▸ Problem requirements: Output should begin at the line holding "Western blot (WB) analyzes" and end at the last line of the entries; print those lines verbatim and no others.

◆ ◆ ◆ ◆

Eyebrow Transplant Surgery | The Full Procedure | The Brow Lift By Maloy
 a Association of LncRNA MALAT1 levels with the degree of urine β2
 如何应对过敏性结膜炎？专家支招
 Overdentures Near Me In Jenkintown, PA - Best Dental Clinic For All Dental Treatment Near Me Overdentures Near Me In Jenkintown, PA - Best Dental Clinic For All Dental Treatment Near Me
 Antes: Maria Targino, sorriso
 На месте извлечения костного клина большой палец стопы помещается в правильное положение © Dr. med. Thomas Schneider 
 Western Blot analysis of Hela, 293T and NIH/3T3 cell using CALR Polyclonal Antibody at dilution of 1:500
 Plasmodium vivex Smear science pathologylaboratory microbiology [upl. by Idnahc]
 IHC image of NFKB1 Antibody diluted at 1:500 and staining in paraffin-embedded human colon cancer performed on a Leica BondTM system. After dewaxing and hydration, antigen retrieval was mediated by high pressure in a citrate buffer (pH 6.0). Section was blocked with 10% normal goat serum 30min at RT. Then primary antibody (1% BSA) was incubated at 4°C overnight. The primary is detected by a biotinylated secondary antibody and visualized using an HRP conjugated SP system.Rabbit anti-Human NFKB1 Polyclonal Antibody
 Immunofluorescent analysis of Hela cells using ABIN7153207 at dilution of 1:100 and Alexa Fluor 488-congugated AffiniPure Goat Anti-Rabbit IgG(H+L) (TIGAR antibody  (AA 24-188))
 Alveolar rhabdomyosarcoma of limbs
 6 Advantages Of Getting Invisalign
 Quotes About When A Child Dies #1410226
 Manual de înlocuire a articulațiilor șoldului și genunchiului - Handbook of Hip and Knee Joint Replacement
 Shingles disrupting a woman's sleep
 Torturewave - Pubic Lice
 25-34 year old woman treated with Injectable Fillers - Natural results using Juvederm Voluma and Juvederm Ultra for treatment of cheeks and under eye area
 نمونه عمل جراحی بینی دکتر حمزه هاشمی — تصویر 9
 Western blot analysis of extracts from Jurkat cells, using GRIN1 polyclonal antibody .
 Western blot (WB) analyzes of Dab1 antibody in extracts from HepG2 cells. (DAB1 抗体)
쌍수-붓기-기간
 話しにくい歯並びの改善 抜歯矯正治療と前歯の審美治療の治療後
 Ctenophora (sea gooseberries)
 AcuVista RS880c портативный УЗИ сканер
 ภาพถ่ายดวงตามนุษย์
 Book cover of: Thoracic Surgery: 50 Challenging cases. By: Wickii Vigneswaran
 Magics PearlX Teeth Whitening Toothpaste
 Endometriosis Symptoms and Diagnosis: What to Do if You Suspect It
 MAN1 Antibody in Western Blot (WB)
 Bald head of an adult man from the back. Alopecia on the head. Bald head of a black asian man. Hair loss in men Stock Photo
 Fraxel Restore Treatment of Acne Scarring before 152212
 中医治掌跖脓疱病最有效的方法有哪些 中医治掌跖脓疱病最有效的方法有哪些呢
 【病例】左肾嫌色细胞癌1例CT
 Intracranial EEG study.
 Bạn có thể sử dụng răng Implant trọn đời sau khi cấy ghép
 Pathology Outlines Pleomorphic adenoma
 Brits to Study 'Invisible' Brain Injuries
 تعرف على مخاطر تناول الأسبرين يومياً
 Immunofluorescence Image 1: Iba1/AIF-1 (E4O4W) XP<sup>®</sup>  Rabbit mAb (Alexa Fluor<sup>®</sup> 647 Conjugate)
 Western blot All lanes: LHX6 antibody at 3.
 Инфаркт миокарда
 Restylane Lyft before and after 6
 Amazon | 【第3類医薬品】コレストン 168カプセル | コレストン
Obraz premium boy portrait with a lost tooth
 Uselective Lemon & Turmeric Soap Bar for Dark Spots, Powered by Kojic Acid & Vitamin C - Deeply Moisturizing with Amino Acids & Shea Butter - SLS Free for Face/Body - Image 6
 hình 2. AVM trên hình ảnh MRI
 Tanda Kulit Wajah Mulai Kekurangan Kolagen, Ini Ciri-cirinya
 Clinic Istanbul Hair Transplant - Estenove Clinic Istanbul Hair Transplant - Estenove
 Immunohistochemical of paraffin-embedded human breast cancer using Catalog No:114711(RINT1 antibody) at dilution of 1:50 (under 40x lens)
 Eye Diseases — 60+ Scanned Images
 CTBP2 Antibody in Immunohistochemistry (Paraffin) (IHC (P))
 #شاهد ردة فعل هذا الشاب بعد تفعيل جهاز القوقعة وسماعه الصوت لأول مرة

◆ ◆ ◆ ◆

▸ Output of the task:
 Western blot (WB) analyzes of Dab1 antibody in extracts from HepG2 cells. (DAB1 抗体)
쌍수-붓기-기간
 話しにくい歯並びの改善 抜歯矯正治療と前歯の審美治療の治療後
 Ctenophora (sea gooseberries)
 AcuVista RS880c портативный УЗИ сканер
 ภาพถ่ายดวงตามนุษย์
 Book cover of: Thoracic Surgery: 50 Challenging cases. By: Wickii Vigneswaran
 Magics PearlX Teeth Whitening Toothpaste
 Endometriosis Symptoms and Diagnosis: What to Do if You Suspect It
 MAN1 Antibody in Western Blot (WB)
 Bald head of an adult man from the back. Alopecia on the head. Bald head of a black asian man. Hair loss in men Stock Photo
 Fraxel Restore Treatment of Acne Scarring before 152212
 中医治掌跖脓疱病最有效的方法有哪些 中医治掌跖脓疱病最有效的方法有哪些呢
 【病例】左肾嫌色细胞癌1例CT
 Intracranial EEG study.
 Bạn có thể sử dụng răng Implant trọn đời sau khi cấy ghép
 Pathology Outlines Pleomorphic adenoma
 Brits to Study 'Invisible' Brain Injuries
 تعرف على مخاطر تناول الأسبرين يومياً
 Immunofluorescence Image 1: Iba1/AIF-1 (E4O4W) XP<sup>®</sup>  Rabbit mAb (Alexa Fluor<sup>®</sup> 647 Conjugate)
 Western blot All lanes: LHX6 antibody at 3.
 Инфаркт миокарда
 Restylane Lyft before and after 6
 Amazon | 【第3類医薬品】コレストン 168カプセル | コレストン
Obraz premium boy portrait with a lost tooth
 Uselective Lemon & Turmeric Soap Bar for Dark Spots, Powered by Kojic Acid & Vitamin C - Deeply Moisturizing with Amino Acids & Shea Butter - SLS Free for Face/Body - Image 6
 hình 2. AVM trên hình ảnh MRI
 Tanda Kulit Wajah Mulai Kekurangan Kolagen, Ini Ciri-cirinya
 Clinic Istanbul Hair Transplant - Estenove Clinic Istanbul Hair Transplant - Estenove
 Immunohistochemical of paraffin-embedded human breast cancer using Catalog No:114711(RINT1 antibody) at dilution of 1:50 (under 40x lens)
 Eye Diseases — 60+ Scanned Images
 CTBP2 Antibody in Immunohistochemistry (Paraffin) (IHC (P))
 #شاهد ردة فعل هذا الشاب بعد تفعيل جهاز القوقعة وسماعه الصوت لأول مرة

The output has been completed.